A great band is more than the sum of its players. Even an ensemble of seasoned virtuosos can’t deliver performances that transcend mere proficiency without establishing a rapport. If you hope to someday ignite audiences with songs full of passion and imagination, you must first open your own heart, mind, and ears to others.

Forty Feet Tall begins with a childhood friendship between Los Angeles natives Cole Gann (lead singer/guitar) and Jack Sehres (guitar). During their high school years, the duo’s band forged grunge, post-punk and alternative rock into its own sound. Forty Feet Tall started out small, playing a benefit to save the rainforest, but by graduation had built a following big enough to land them on stages including the Troubadour, Roxy and the Whiskey.

College took Jack to San Francisco and Cole to Portland, but the band continued to perform even as they focused on their studies. Forty Feet Tall released a self-titled album in 2014, followed a few years later by the Red Dressed EP. Bass player Brett Marquette came aboard in 2017; later the addition of drummer Ian Kelley solidified the quartet’s formidable rhythm section.

The band’s hard-edged, expansive sound drew attention from television and movie music supervisors. In recent years, you may have heard FFT originals on Showtime’s Shameless, several MTV spots, in the Paramount feature Drunk Wedding, and even an Arnold Schwarzenegger flick (Killing Gunther).

Yet the band’s new material, recorded with Portland polymath Cameron Spies (Radiation City, Night Heron), eclipses their earlier accomplishments. Already an audience favorite, lead single “BOIL” starts off taut and tense, escalates quickly, and explodes a few seconds past the one-minute mark. Memorable riffs turn somersaults over relentless grooves on “Big Red Bus” and “Sleep Walking.” At any moment, you may think of Archers of Loaf, the Killers, Pavement, or Pixies. Keep listening and uncover more surprises: the curious coda of dreamlike “Look Both Ways,” the subtle dynamics within “Chin Up.” FFT do not want for ideas, yet their songs stay sharply focused regardless of tempo or volume.

Ask the guys to name some of their favorite musicians and records, and the replies underline both idiosyncratic tastes and their intra-band dynamic. Everyone agrees on Radiohead’s In Rainbows, Parquet Courts Wide Awake! and all things related to Osees, but there are also votes for Alabama Shakes and Kendrick Lamar. Ian loves vintage R&B and soul, routinely whipping up 3-hour playlists of ‘60s and ‘70s favorites.

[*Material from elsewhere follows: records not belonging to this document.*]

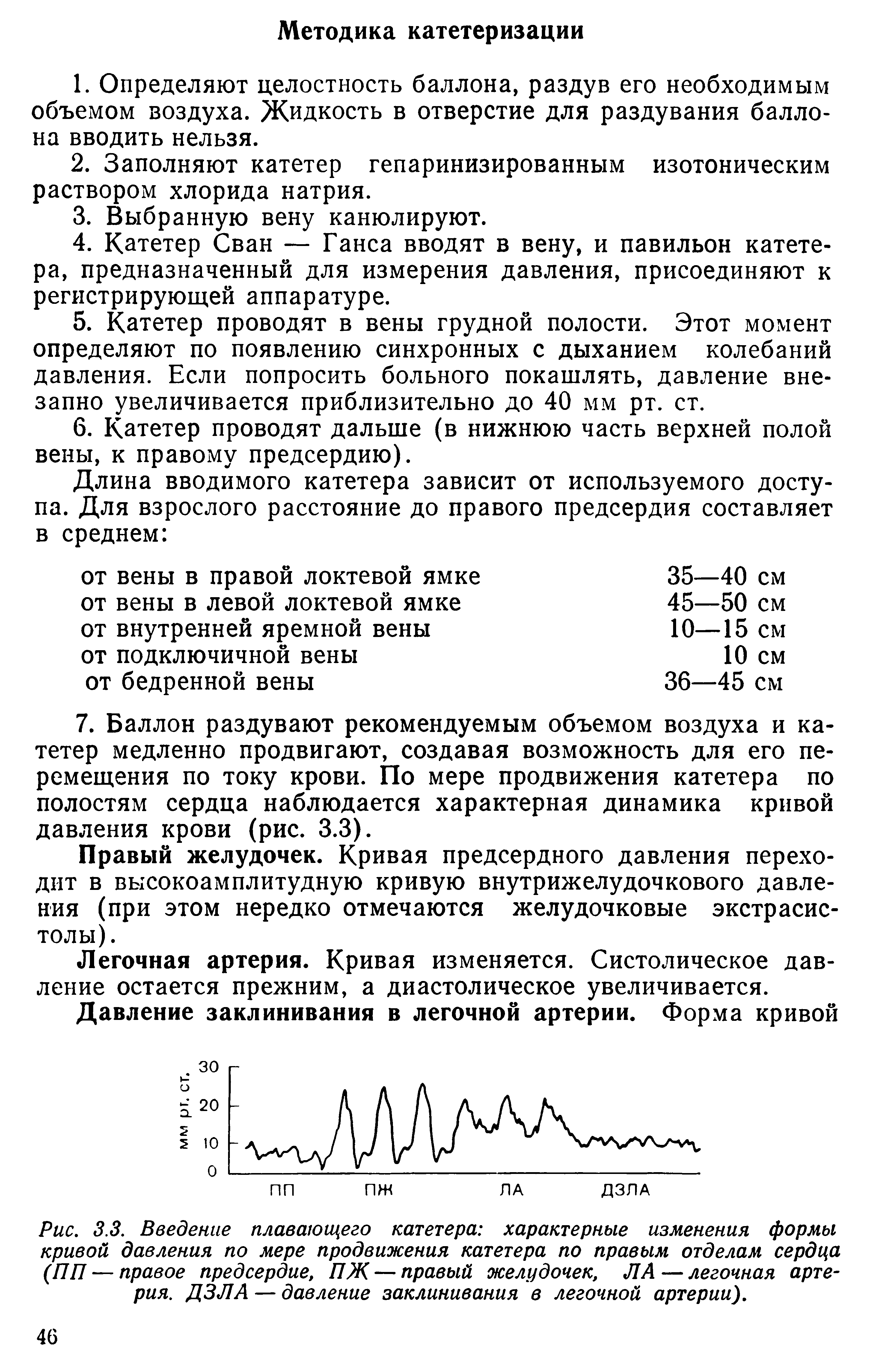 Рис. 3.3. Введение плавающего катетера характерные изменения формы кривой давления по мере продвижения катетера по правым отделам сердца (ПП — правое предсердие, ПЖ— правый желудочек, ЛА—легочная артерия. ДЗЛА — давление заклинивания в легочной артерии).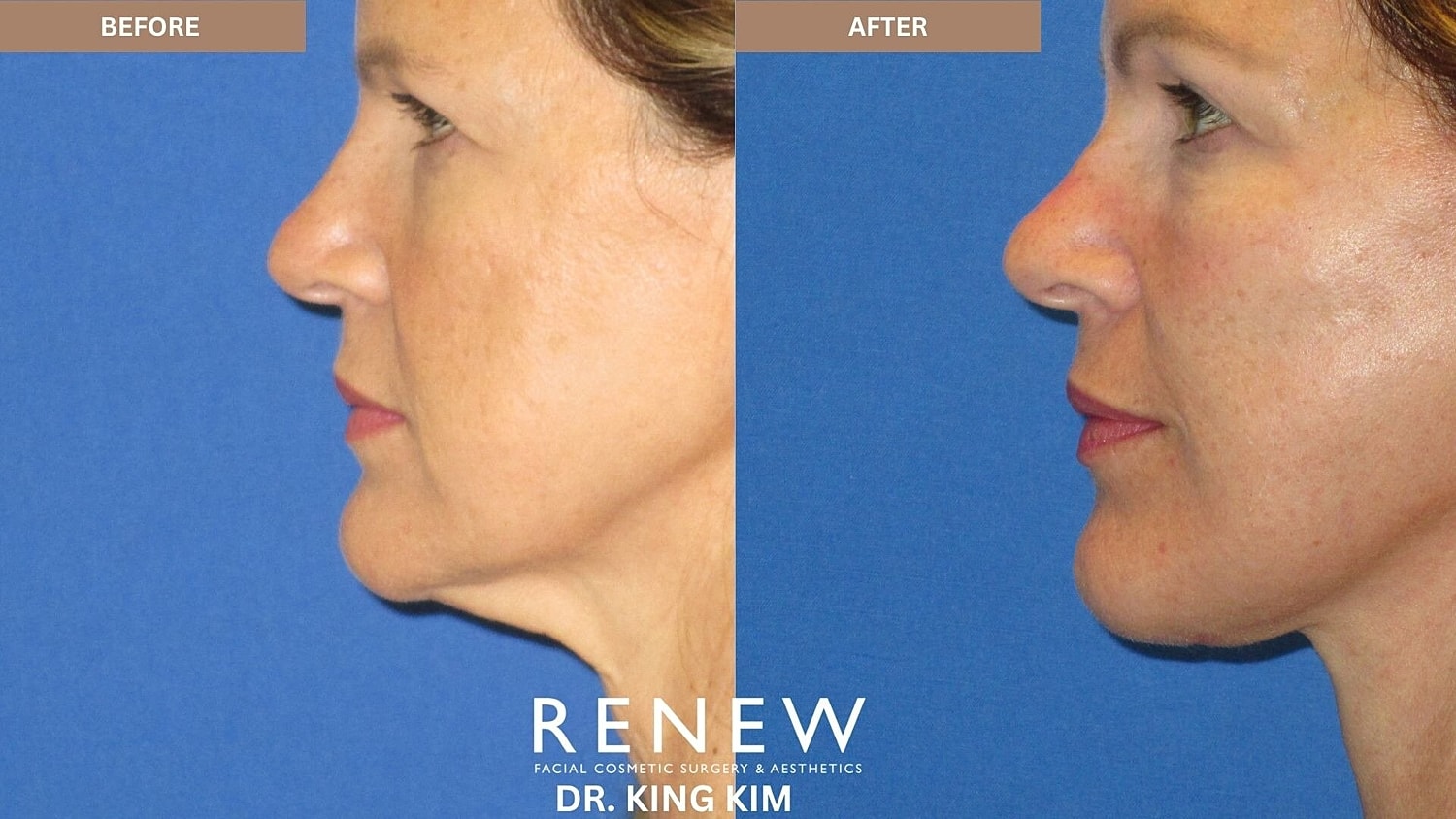 Deep Plane Facelift Before & After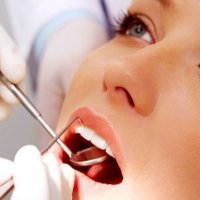 Tratamentul parodontozei cu metode populare - bisturiu - informație medicală-educativă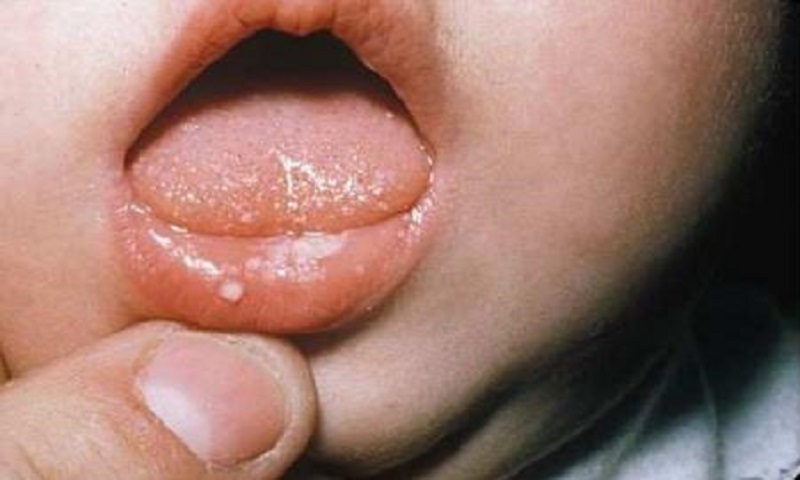 Triệu chứng nhận biết trẻ bị nấm miệng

Forty Feet Tall not only listen to music together, they listen to each other. While any member can bring his ideas to band practice, most of their originals begin with collective improvisation and phone recordings; sometimes, Cole is still workshopping lyrics when they debut a new tune live. They share frank discussions about the state of the world, too. During the George Floyd protests, they braved rubber bullets and tear gas in the Rose City streets.

Forty Feet Tall isn’t afraid to say that the kids aren’t alright. That’s part of how they express love, for each other and their audience. Gigs routinely climax with incendiary showstoppers (“We Can’t Go Back to Normal,” “BOIL”) that find Cole tangled up in mic cords or diving into the crowd. But their outrage is anchored in hope, and a drive to do better. Whether there are three people or 3,000 in the crowd, FFT plays like lives are hanging in the balance.

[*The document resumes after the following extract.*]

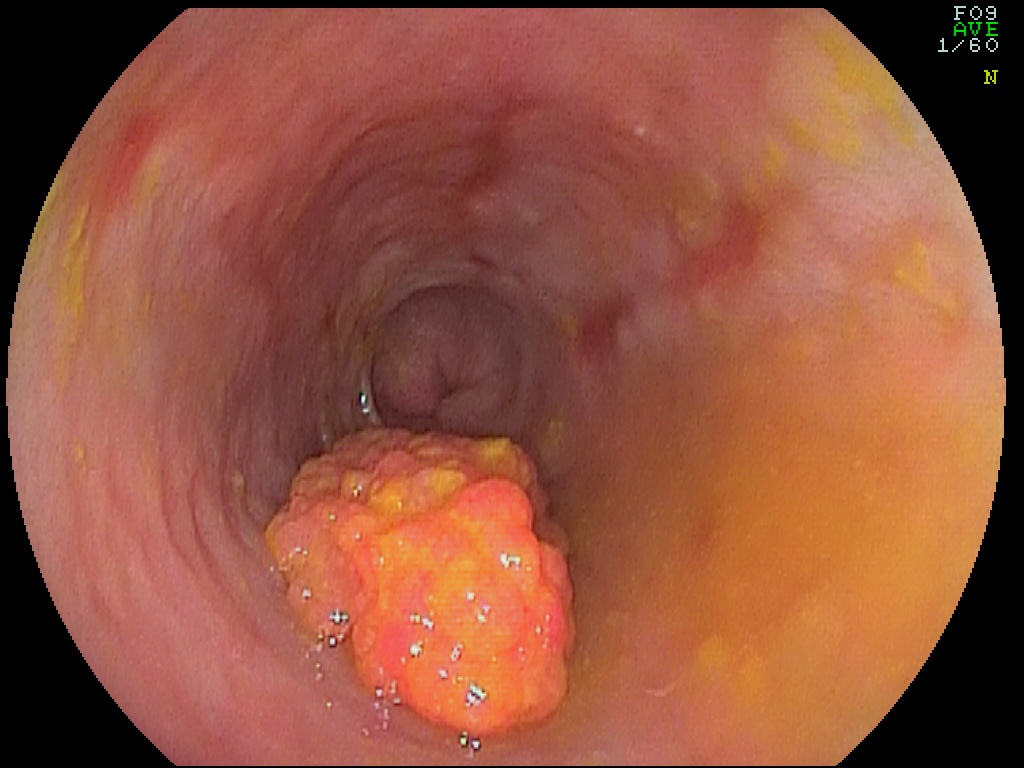 Prostata La Barbati Simptome - Frammenti di papilloma a cellule squamose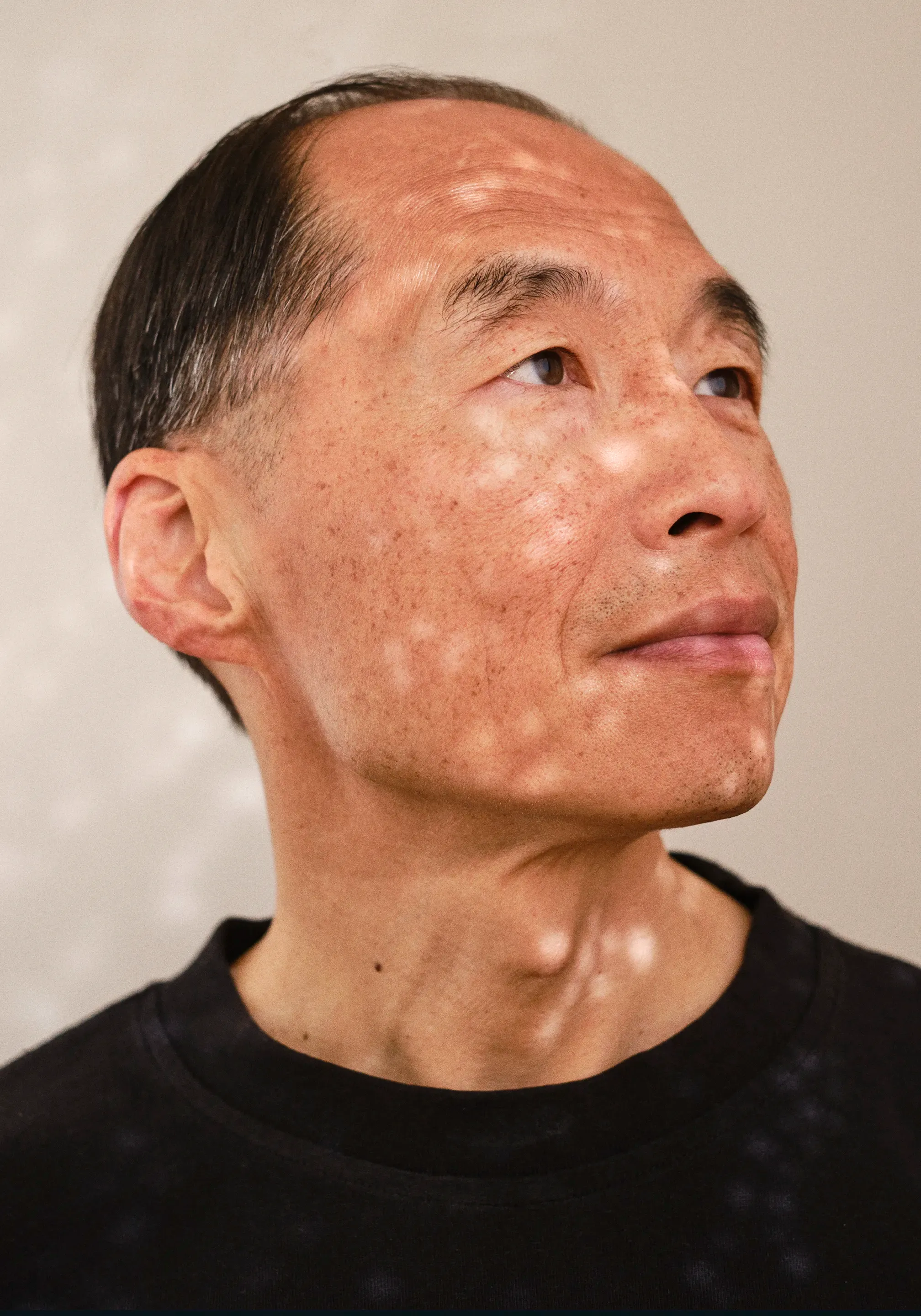 Olink campaign portrait: a man looking upward, dappled light across his face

In a sense, they are. These four friends want nothing more than to rock your socks off. As hilarious as they are on Tik Tok, they prefer to be up close and personal. The prohibitions of the pandemic years only amplified that desire. Their music may sound loud and confrontational, but the community they’ve built around it resonates with positivity. Forty Feet Tall is bigger than just Cole, Jack, Brett and Ian. Now it’s your chance to understand what makes them great.